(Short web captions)
== Segment start ==

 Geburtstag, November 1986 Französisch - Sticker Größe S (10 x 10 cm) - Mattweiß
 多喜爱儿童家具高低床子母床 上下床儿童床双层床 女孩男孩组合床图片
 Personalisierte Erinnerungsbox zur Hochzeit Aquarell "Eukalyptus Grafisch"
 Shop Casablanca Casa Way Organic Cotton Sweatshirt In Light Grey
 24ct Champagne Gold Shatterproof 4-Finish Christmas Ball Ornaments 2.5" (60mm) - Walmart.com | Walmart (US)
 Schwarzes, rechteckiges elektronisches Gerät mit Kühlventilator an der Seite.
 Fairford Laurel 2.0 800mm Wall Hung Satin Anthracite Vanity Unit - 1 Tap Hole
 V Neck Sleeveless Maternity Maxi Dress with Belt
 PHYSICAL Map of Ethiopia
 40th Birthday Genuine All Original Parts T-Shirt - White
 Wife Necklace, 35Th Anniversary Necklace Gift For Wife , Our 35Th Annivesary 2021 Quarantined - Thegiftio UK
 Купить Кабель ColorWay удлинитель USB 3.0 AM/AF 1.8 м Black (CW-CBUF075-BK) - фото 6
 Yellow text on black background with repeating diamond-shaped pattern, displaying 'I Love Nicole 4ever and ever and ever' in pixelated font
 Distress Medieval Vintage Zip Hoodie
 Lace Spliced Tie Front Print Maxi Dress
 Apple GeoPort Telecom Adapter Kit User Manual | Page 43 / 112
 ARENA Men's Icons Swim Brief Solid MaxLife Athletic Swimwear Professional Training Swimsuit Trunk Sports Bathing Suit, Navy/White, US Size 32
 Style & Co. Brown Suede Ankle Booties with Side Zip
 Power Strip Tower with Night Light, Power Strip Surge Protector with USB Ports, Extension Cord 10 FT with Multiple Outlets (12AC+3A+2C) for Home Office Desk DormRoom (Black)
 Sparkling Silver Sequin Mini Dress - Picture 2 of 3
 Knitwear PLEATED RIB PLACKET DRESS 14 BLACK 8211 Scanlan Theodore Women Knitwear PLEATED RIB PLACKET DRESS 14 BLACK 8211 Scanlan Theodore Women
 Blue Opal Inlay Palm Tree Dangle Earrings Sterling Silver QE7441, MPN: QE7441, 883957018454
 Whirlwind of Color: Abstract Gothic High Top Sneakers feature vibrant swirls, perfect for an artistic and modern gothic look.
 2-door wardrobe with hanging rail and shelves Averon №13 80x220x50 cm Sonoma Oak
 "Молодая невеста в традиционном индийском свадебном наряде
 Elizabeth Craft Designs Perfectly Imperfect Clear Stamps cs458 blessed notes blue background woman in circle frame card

== Segment end ==

Output nothing but the lines from the one that contains "индийском свадебном наряде" through the final line of the entries above, exactly as they appear.

 "Молодая невеста в традиционном индийском свадебном наряде
 Elizabeth Craft Designs Perfectly Imperfect Clear Stamps cs458 blessed notes blue background woman in circle frame card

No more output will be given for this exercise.